Abacavir hypersensitivity syndrome

The use of abacavir has been limited by the occurrence of abacavir hypersensitivity syndrome, a distinct entity constituting fever, malaise, respiratory symptoms and gastrointestinal upset. The rash is a late manifestation of the syndrome and occurs in 70% of cases.59 Evidence suggests that most cases present within the first 2–3 weeks of therapy, at a median time of 8 to 9 days, and certainly all cases will have occurred within 6 weeks of continuous therapy.60 The reported incidence of abacavir hypersensitivity syndrome is 2-9%.8,61,62

Immunological mechanisms for abacavir hypersensitivity

CD8+ T-cells recognize abacavir, inducing a well-characterized immune response, in both prior-sensitized patients (exposed T-cells)63 and abacavir naïve individuals (HLA-B*57:01 positive patients).64  Confirmation of CD8+ T cell involvement following abacavir exposure has been confirmed in biopsies of positive abacavir patch tests taken from affected individuals.65 Taken together, these findings demonstrate a class I HLA-restricted CD8+ T-cell mechanism for the abacavir hypersensitivity syndrome. In 2012, evidence from three separate groups66-68 demonstrated that abacavir activates T cells through a new mechanism of drug hypersensitivity called the “altered peptide repertoire model”.  In this model, abacavir binds non-covalently to a portion of the antigen binding cleft of HLA-B*57:01. The initial binding and ensuing immune response does not require drug metabolism. Peptide elution studies suggested that the change in the peptide binding groove that follows causes an alteration in the repertoire of self-peptides that bind. These self-peptides were previously not presented during thymic development and the establishment of T cell tolerance/anergy and, therefore, are able to induce T-cell responses by T cells that were not previously tolerized to ‘self’.

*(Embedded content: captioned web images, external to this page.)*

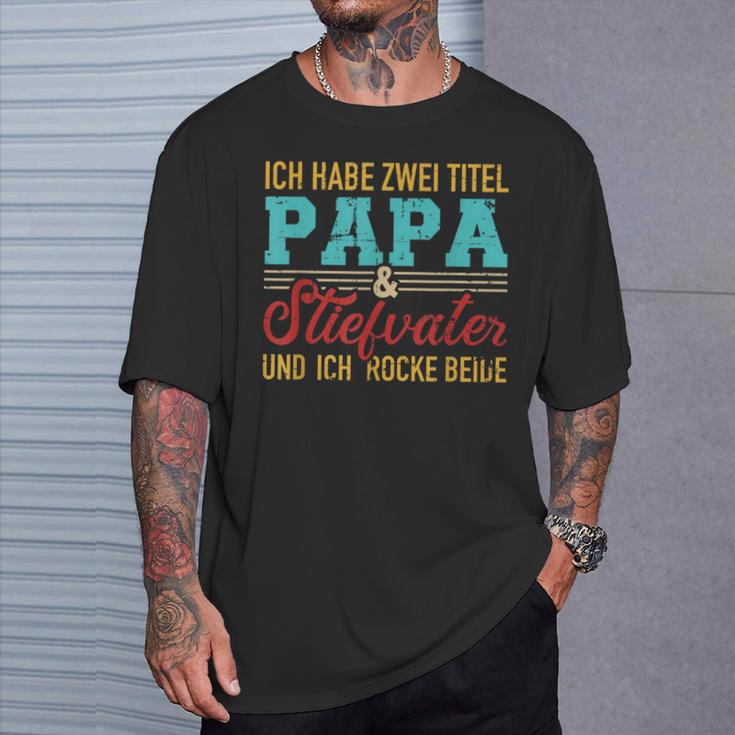 Zwei Titel Papa Und Steppapa Und Rocke Both Stepdad T-Shirt Geschenke für Ihn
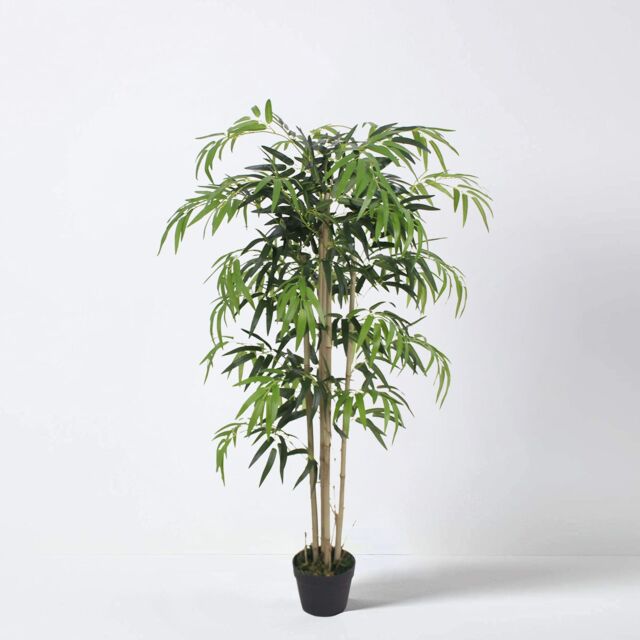 Tradala Trees Lush Artificial Tree Large Bamboo with Real Wood Trunk in Dark Green - Size: 3ft - image 1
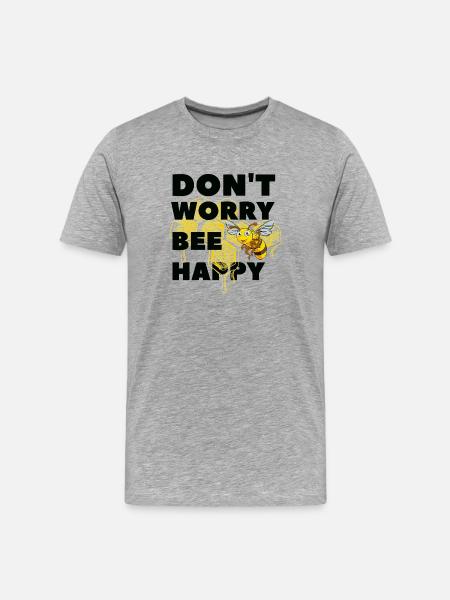 Don't worry Bee Happy - Men's Premium Organic T-Shirt - heather grey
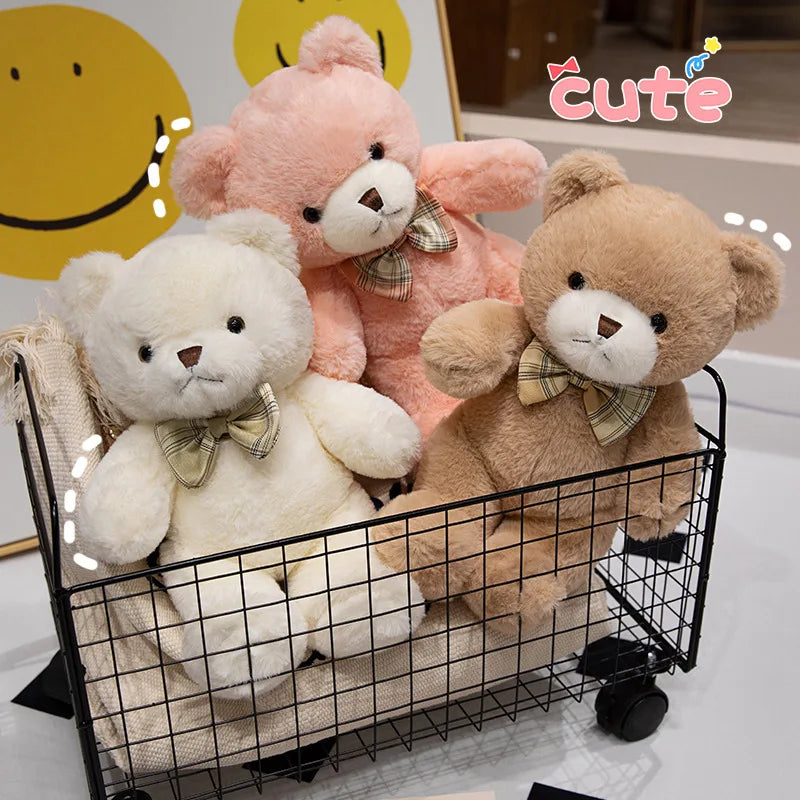 Kawaii Bow Tie Teddy Bear Plush Toy 30cm — Soft Stuffed Bear for Kids & Gifting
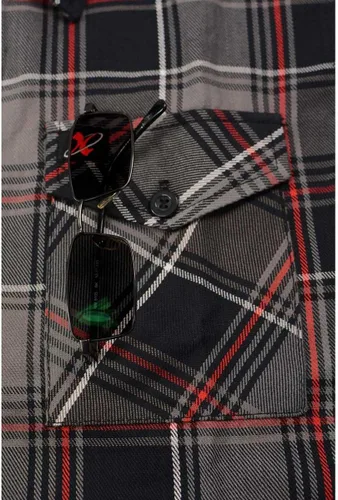 Vista 9 de Milwaukee Leather MNG11658 Men's Black and Grey with Red Long Sleeve Cotton Flannel Shirt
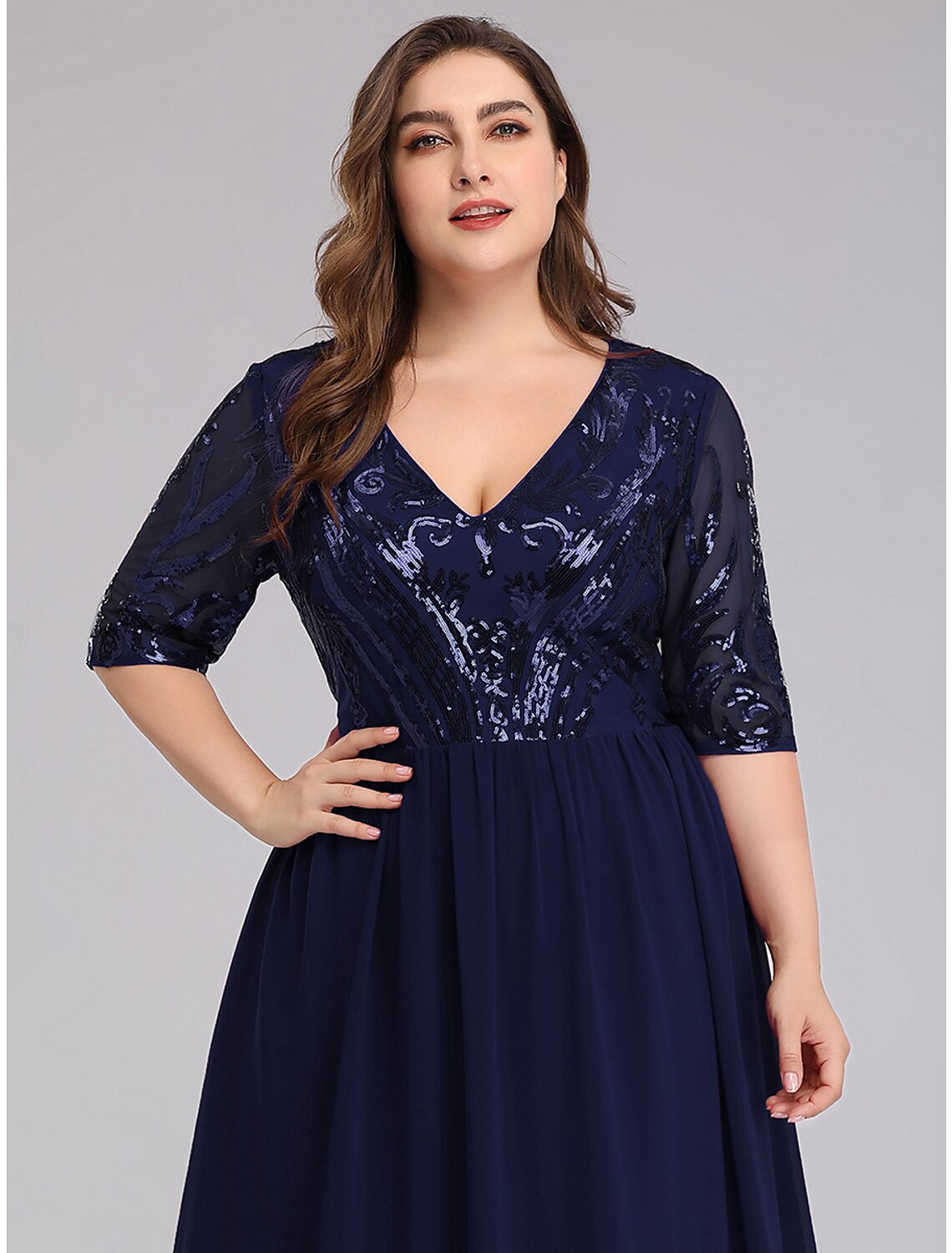 Plus Size Dress Wedding Guest Floor Length Half Sleeve Plunging Neck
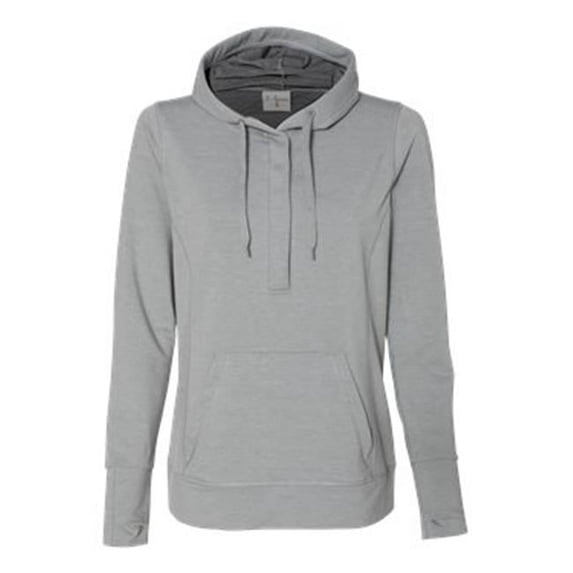 Womens Omega Stretch Snap-Placket Hooded Pullover, Silver Grey Triblend - Medium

The fact that only 55% of patients with HLA-B*57:01 develop abacavir hypersensitivity syndrome identifies a need for future models to explain the ‘positive predictive value (PPV) gap’ and HLA-B*57:01 positive abacavir tolerance.8 Recently, an HLA-B*57:01-transgenic mouse model provided some insight into a potential mechanism to explain why 45% of HLA-B*57:01-positive individuals tolerate abacavir. The altered peptide model suggests that in all HLA-B*57:01-positive abacavir-exposed patients, abacavir would bind noncovalently to the floor of the peptide-binding groove of HLA-B*57:01 and alter the repertoire of endogenous peptides presented to CD8+ T cells; however, the recent study by Cardone et al suggests that in the absence of CD4+ T-cell depletion, dendritic cells remain in an immature state and there is tolerance to the altered peptide repertoire.69,70 Factors outside of the MHC such as endoplasmic reticulum aminopeptidase (ERAP1) allotypes that favour peptide trimming may be important drivers of susceptibility in HLA-B*57:01 positive individuals.71

Pharmacogenomic screening for susceptibility to abacavir hypersensitivity syndrome

Since 2008, international guidelines have recommended the use of HLA-B*57:01 screening before abacavir prescription and abacavir hypersensitivity syndrome as a clinical entity has disappeared in the developed world, where these guidelines are currently followed.  As a result, HLA-B*57:01 is the most widely used genetic screening test in clinical practice today.72 The PREDICT-1 study was the first double-blind randomized controlled study to test the utility of a genetic marker in reducing a specific drug toxicity.  It demonstrated a significant reduction in abacavir hypersensitivity reactions in people randomized to real-time HLA-B*57:01 testing when abacavir was withheld from those carrying HLA-B*57:01.8 In this study, where patch testing was a co-primary endpoint with clinically diagnosed abacavir hypersensitivity, HLA-B*57:01 testing eliminated patch test positive (immunologically-confirmed) abacavir hypersensitivity syndrome. In the PREDICT-1 study patients naive to abacavir (n = 1956) were divided into a prospectively screened group, in which those carrying the predictive allele were excluded from abacavir therapy, and a control group who were treated with abacavir without prior screening. Following 6 weeks of observation there was a clear reduction in subjects with immunologically confirmed AHR: 0% in the screening group and 2.7% in the control group. HLA B*57:01 screening for susceptibility to abacavir hypersensitivity demonstrated a positive and negative predictive value of 55% and 100% respectively. Screening for HLA-B*57:01 is recommenced prior to commencement of abacavir in any HIV positive individual in the developed world where populations carrying HLA-B*57:01 are represented.